1. The quasar variance anticorrelates with the rest-frame wavelength for a fixed black hole mass of 10⁸ M_⊙ and an Eddington ratio of 10⁻¹. These results support previous findings (e.g., Li et al. 2018; Sánchez-Sáez et al. 2018).

2. We provide new linear equations between variance and rest-frame wavelength for four different timescales in the range of 30–300 days in the quasar rest-frame while controlling for black hole mass and Eddington ratio. The significant decreasing trend for the variance with increasing rest-frame wavelength becomes steeper for shorter time scale fluctuations.

3. We found a positive correlation between variance ratios and rest-frame wavelength, except for the 300/150-day timescale, which shows a flat dependence. This result confirms previous findings by Li et al. (2018).

4. Our results show that shifting the break frequency with wavelength alone is insufficient and suggest that the slope of the power spectrum above the break frequency increases in steepness at longer wavelengths.

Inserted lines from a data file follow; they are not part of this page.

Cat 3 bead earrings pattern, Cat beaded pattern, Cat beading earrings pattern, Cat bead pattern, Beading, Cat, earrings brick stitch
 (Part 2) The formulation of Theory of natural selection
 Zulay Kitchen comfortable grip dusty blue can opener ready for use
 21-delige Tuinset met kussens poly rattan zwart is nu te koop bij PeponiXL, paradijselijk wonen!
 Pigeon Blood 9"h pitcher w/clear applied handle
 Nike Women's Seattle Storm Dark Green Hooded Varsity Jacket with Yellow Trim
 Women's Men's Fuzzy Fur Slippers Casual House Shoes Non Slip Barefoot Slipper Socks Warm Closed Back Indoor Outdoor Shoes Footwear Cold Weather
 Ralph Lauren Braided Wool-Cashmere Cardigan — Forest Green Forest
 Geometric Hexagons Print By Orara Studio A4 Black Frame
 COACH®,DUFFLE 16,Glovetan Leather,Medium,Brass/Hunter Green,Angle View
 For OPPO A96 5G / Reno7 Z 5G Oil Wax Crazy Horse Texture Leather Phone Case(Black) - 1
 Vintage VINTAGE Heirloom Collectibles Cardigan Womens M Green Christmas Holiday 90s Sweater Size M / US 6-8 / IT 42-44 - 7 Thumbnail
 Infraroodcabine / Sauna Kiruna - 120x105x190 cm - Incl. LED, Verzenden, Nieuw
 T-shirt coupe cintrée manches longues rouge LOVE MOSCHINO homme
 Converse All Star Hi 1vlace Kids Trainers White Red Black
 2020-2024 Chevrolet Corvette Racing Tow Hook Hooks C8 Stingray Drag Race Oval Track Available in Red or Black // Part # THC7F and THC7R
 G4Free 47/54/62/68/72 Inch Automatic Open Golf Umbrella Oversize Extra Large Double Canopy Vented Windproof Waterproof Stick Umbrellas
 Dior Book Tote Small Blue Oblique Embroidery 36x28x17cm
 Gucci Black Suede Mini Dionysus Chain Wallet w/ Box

5. In our comparison of observed variability with the CHAR model, as is detailed in Sun et al. (2020a), we observe that the CHAR model, for adopted parameters of α = 0.5 and δ_mc = 1.32, aligns well with the observed data for the 300, 150, and 75-day timescales, both in terms of slope and intercept. This consistency is evident in the similar slopes of the CHAR model and measured variance ratios at 300/150 and 150/75 days. However, on the 30-day timescale, we note a significant deviation in the slope between the CHAR model and the observed data, particularly affecting the 75/30 day variance ratio. This discrepancy indicates a need for a further refinement in the CHAR model’s ability to accurately represent shorter-term quasar variability.

This paper, along with the findings by Sun et al. (2020a,b), demonstrates the ability of the CHAR model to quantitatively describe quasar variability. In this work, we used ZTF DR15 light curves, which have a cadence of approximately four days and extend up to 4 years and 8 months, including yearly gaps. Consequently, obtaining variance on timescales of less than 30 days or more than 300 days was not feasible. This baseline, however, can be further extended by the Legacy Survey of Space and Time (LSST, Ivezić et al. 2019). LSST will provide high-cadence and up to 10-year light curves from blue to near-infrared wavelengths, covering wavelengths of 3200–10 500 Å. Extending this project to include the deep drilling fields, which will have a higher cadence, has the potential to enhance our understanding of AGN short-timescale variability. In particular, such a dataset would enable variance estimation across various timescales and more wavebands for each individual object, providing better constraints to fully understand the disk temperature profile and the mechanism behind accretion disk variability.

Data availability

The ZTF photometric data (Masci et al. 2019) are accessible to the public at https://www.ztf.caltech.edu/ztf-public-releases.html. SDSS DR14 spectra are publicly available in the public SDSS archives at https://dr14.sdss.org/optical/spectrum/search.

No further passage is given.